→ **Records supplied**:
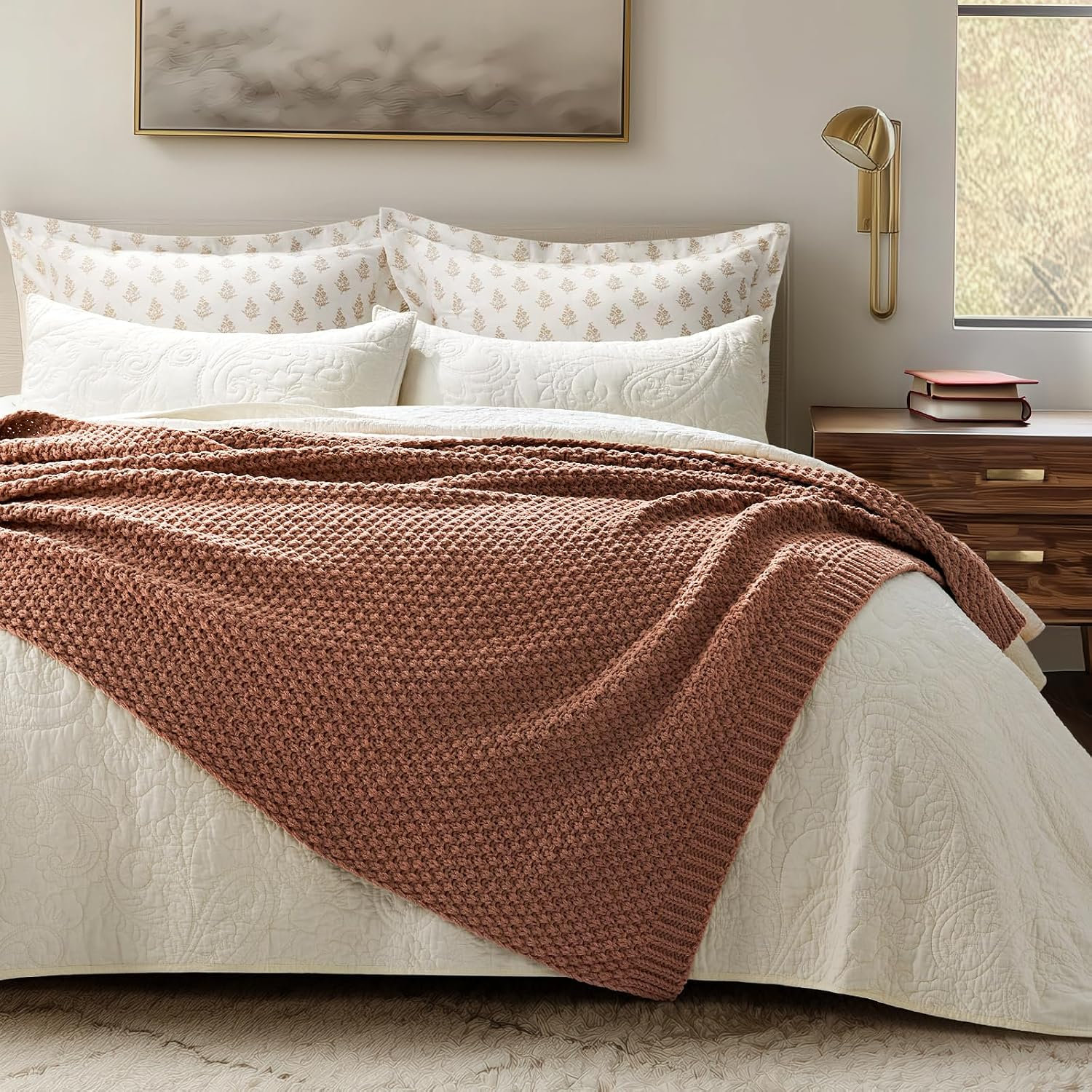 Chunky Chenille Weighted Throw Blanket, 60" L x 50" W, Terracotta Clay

---

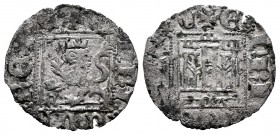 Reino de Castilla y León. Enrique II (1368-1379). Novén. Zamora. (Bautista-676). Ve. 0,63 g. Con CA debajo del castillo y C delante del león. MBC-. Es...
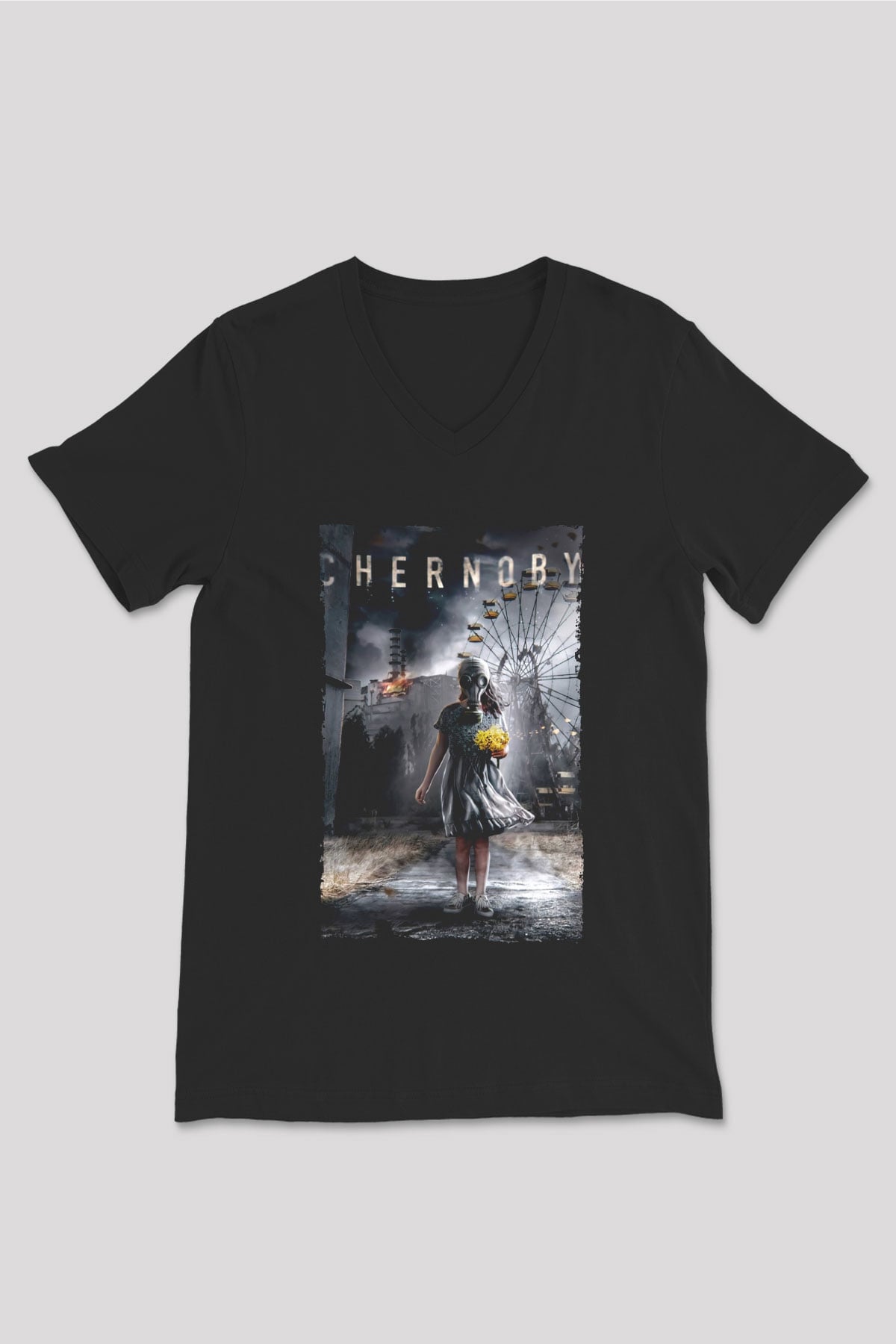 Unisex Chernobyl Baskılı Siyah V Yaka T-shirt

→ **Required work**:
From the records above, copy only the lines running from the line holding "Reino de Castilla" through the line holding "Unisex Chernobyl Baskılı", with no pictures.

→ **Task output**:
 Reino de Castilla y León. Enrique II (1368-1379). Novén. Zamora. (Bautista-676). Ve. 0,63 g. Con CA debajo del castillo y C delante del león. MBC-. Es...
 Unisex Chernobyl Baskılı Siyah V Yaka T-shirt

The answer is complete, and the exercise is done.